1. Load the framework from Google Code

Google have been hosting several JavaScript libraries for a while now on Google Code and there are several advantages to loading it from them instead of from your server. It saves on bandwidth, it’ll load very quickly from Google’s CDN and most importantly it’ll already be cached if the user has visited a site which delivers it from Google Code. This makes a lot of sense. How many sites out there are serving up identical copies of jQuery that aren’t getting cached? It’s easy to do too…

<script src="http://www.google.com/jsapi"></script>
<script type="text/javascript">

    // Load jQuery
    google.load("jquery", "1.2.6");

    google.setOnLoadCallback(function() {
        // Your code goes here.
    });

</script>

Or, you can just include a direct reference like this…

<script src="http://ajax.googleapis.com/ajax/libs/jquery/1.2.6/jquery.min.js"
type="text/javascript"></script>

Full instructions here

2. Use a cheat sheet

Not just a jQuery tip, there are some great cheat sheets out there for most languages. It’s handy having every function on a printable A4 sheet for reference and luckily these guys have produced a couple of nice ones.. http://www.gscottolson.com/weblog/2008/01/11/jquery-cheat-sheet/ http://colorcharge.com/jquery/

3. Combine all your scripts and minify them

OK, a general JavaScript tip here. But any big project that uses lots of jQuery probably uses lots of plugins (this site uses easing, localScroll, lightbox and preload) so it’s usually applicable. Browsers can’t load scripts concurrently (well, most can’t, yet), which means that if you’ve got several scripts downloading one at a time then you’re really slowing down the loading of your page. So, assuming the scrips are being loaded on every page then you should consider combining them into one long script before deploying. Some of the plugins will already be minified, but you should consider packing your scripts and any that aren’t already. It only takes a few seconds. I’m personally a fan of Packer by Dean Edwards

4. Use Firebug’s excellent console logging facilities

If you haven’t already installed Firebug then you really should. Aside from many other useful features such as allowing you to inspect http traffic and find problems with your CSS it has excellent logging commands that allow you to easily debug your scripts. Here’s a full explanation of all of it’s features My favourite features are “console.info”, which you can use to just dump messages and variables to the screen without having to use alert boxes and “console.time” which allows you to easily set up a timer to wrap a bunch of code and see how long it takes. They’re all really easy to use too…

console.time('create list');

for (i = 0; i < 1000; i++) {
    var myList = $('.myList');
    myList.append('This is list item ' + i);
}

console.timeEnd('create list');

In this instance I’ve deliberately written some very inefficient code! In the next few tips I’ll show you how we can use the timer to show some improvements which can be made.

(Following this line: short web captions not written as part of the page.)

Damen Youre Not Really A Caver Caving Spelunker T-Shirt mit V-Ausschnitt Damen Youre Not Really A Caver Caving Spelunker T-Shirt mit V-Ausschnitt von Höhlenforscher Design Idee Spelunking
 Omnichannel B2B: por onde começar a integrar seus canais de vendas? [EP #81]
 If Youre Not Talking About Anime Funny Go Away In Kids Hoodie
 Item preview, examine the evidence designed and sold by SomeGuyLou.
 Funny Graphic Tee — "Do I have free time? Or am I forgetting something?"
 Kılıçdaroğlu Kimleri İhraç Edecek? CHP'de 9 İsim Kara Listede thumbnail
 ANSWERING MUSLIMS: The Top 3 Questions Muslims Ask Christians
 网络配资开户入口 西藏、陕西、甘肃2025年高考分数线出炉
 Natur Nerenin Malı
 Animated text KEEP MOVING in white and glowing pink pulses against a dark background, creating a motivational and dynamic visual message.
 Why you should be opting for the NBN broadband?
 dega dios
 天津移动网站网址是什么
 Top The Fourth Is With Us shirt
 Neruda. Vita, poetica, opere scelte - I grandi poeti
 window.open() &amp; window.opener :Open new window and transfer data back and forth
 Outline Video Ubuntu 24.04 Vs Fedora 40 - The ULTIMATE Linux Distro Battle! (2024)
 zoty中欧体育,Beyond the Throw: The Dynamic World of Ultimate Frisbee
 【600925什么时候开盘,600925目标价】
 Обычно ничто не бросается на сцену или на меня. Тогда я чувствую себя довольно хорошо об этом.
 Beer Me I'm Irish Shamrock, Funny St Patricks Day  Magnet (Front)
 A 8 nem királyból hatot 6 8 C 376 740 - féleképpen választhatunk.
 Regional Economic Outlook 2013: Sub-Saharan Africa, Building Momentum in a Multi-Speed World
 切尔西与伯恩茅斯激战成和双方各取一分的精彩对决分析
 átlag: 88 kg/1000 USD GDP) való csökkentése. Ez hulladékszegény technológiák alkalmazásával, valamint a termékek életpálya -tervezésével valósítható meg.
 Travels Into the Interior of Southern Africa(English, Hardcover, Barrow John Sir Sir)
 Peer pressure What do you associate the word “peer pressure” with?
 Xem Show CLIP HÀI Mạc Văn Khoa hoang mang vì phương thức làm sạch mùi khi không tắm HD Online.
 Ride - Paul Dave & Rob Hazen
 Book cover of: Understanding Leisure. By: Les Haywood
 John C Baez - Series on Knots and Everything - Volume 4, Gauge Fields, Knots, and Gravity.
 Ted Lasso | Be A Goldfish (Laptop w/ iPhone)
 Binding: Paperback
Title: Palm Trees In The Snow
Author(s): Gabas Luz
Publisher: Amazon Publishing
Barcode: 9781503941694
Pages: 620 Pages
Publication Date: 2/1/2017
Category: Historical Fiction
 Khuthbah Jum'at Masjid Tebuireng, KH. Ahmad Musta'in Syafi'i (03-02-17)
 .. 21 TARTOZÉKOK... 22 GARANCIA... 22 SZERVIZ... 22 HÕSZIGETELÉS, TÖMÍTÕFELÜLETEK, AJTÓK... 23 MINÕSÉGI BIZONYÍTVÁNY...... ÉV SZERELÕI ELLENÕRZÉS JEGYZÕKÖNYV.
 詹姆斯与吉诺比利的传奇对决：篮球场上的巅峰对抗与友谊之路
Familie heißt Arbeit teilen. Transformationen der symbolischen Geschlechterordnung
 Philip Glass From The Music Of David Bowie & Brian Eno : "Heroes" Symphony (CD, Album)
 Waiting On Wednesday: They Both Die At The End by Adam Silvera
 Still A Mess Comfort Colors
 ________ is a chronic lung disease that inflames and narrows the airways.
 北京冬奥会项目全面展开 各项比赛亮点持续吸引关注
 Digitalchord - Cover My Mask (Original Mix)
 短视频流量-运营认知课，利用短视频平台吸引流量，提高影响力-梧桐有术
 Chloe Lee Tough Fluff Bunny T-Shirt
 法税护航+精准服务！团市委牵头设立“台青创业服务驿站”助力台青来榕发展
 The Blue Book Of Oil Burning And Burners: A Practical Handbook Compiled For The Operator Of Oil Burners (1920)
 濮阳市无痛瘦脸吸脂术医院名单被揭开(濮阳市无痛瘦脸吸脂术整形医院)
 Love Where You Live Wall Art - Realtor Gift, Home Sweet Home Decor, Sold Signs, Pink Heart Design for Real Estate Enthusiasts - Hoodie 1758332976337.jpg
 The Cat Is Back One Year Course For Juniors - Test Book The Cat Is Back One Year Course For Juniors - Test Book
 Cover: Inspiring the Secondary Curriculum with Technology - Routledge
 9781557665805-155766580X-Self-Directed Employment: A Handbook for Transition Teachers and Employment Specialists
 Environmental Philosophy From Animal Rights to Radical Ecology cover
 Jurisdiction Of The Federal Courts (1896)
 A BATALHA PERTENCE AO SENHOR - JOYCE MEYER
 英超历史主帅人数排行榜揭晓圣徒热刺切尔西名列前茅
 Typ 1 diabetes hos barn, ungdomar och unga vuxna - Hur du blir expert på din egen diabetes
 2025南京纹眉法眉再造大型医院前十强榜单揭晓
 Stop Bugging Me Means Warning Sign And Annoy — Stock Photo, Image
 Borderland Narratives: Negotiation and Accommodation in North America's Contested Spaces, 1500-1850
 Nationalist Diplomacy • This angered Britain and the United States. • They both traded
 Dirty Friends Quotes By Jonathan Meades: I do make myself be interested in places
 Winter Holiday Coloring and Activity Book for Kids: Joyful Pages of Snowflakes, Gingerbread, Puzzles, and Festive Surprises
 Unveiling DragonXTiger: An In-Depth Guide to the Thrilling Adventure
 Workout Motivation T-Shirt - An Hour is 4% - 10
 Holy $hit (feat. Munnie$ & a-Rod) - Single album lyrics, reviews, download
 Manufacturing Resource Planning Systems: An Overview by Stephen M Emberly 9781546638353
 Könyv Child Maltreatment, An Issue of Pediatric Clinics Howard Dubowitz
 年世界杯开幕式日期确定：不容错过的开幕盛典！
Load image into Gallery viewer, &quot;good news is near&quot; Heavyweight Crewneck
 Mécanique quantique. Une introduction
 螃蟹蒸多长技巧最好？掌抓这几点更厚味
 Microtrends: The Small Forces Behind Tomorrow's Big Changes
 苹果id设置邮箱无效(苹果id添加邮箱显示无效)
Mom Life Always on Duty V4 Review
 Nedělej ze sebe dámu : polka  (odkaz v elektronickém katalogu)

5. Keep selection operations to a minimum by caching

jQuery selectors are awesome. They make selecting any element on the page incredibly simple, but internally they have to do a fair amount of work and if you go mad with them you might find things starting to get pretty slow. If you’re selecting the same element time and time again (in a loop for example) then you can just select it once and keep it in memory while you manipulate it to your heart’s content. Take the following example where we add items to an unordered list using a loop.

for (i = 0; i < 1000; i++) {
    var myList = $('.myList');
    myList.append('This is list item ' + i);
}

That takes 1066 milliseconds on my PC in Firefox 3 (imagine how long it would IE6!), which is pretty slow in JavaScript terms. Now take a look at the following code where we use the selector just once.

var myList = $('.myList');

for (i = 0; i < 1000; i++) {
    myList.append('This is list item ' + i);
}

That only takes 224 milliseconds, more than 4x faster, just by moving one line of code.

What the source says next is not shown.